Saturday, June 18, 2011

ain't no use in turnin on your light

the sky monday was partly cloudy. i have* since lost all faith in my ability to articulate things so that's as far as i dare go. some stuff in the sky however did get called my "grey, personal rainbow" by persons more poetic than me. because i'm a little(yellowishgreenish)grey. not argyric!but it's usually there when i look in the mirror.

i like reading about food i can't bring myself to eat. i remember (this before the internet) staring at a picture of a slice of lemon flan (garnished with cranberries) for at least ten minutes; it was the prettiest most sophisticated looking thing i'd ever seen. now i can say i've tasted it and it was absolutely revolting** and i still don't get how people can eat eggs and look at me like i'm the weird one.

the only novel i've ever bought from a bookstore the way people normally buy fiction just won his author a shitload of money! (was quite pretty too.) this makes me so happy you'd think i wrote it.

in-a-pickle/self-preservation punning contest. go.

*if i hadn't i'd also talk about how i watched the (thinkof whereweare inthesolarsystem) lunar eclipse (and the planes, don't forget the planes) on the beach listening to medsud~ for the first 2.5 times because i'm a genius and i always pick the right occasion.
**like thousands of esl students who had the same textbook, i still think this is a frequently used adjective. like, great, okay, bad, absolutely revolting.

Friday, June 10, 2011

andy est un garçon poli.

today i held in my hands a copy of kraftwerkstourdefrance on vinyl.
for ten seconds.
i feel very grownup now.

Sunday, June 5, 2011

offmyheadthereisapath.

i can't think. i blame otherpeople.
yesterday. i am manic after spending the best part of the past week crying. and not bipolar manic or hormonal manic either. no sir, i have a reason! i'm thinking, oh, i have just jumped through a bureucratic hoop successfully! it was hard and i had to deal with (unreasonable and lazy) people, but i did it! go me!
then i come across this person who's previously stolen one of my childhood memories and recounted it in my words, and done other things like that. (they're currently #4 on my "i want to understand this person so much i can't even" list, but it's pretty hopeless. how do you understand a nice person? you don't. they just go around being nice.)
then i go somewhere where there are people. i strut my usual(!) annoyingly cheerful self around. no one has anything to say to anyone but we make do. still manic.
i come home and eat gummy loop things. glucose syrup! &c.
then i check my e-mail. for no apparent reason. i don't know why i am surprised, considering i've known with some certainty for some time that otherpeople were lazy and unreasonable and generally incompetent. I HAVEN'T BEEN ABLE TO THINK SINCE. THIS IS A PROBLEM.
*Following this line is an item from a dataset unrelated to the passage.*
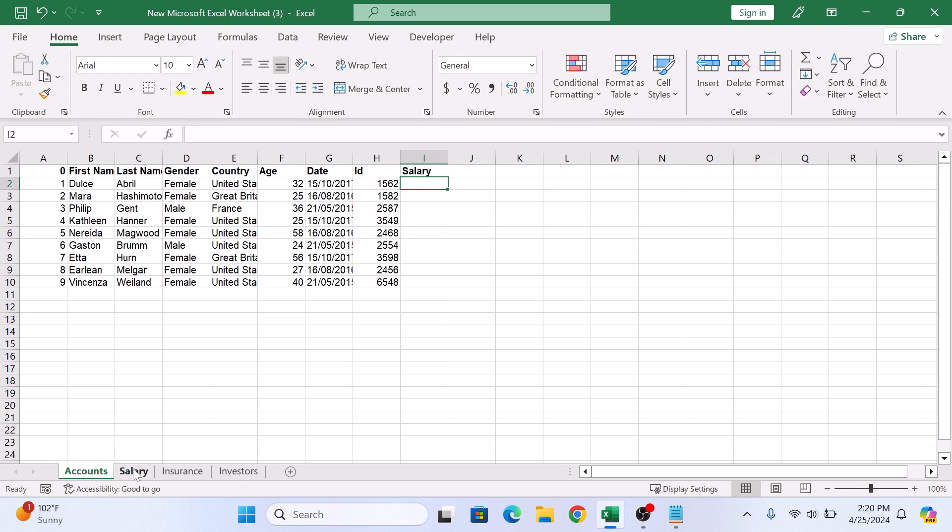We want to link data from this salary sheet to account sheet. Now first select the cell where you want the linked data to appear. This is the cell.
new fandom, ahh. right now it's kind of the only thing keeping me sane, but STILL NOT THINKING LALALALA.

my sport is still a joke. (after sanseb i'm deleting all my bookmarks and feeds and things. hah! see you at the olympics, sport!)

my brain thinks all nicethingsyousay (i keep thinking they're called platitudes but they're not, but they're not, but they're not.) are interchangeable. i should be more worried about this.

i was going to write about transsib.

Friday, June 3, 2011

PSA.

want* your standardized test to be fair? allow people to retake it some other time than exactly one(two, three, four) menstrual cycle(s) later.
*not a given

(i've been increasing the entropy of the universe for this?)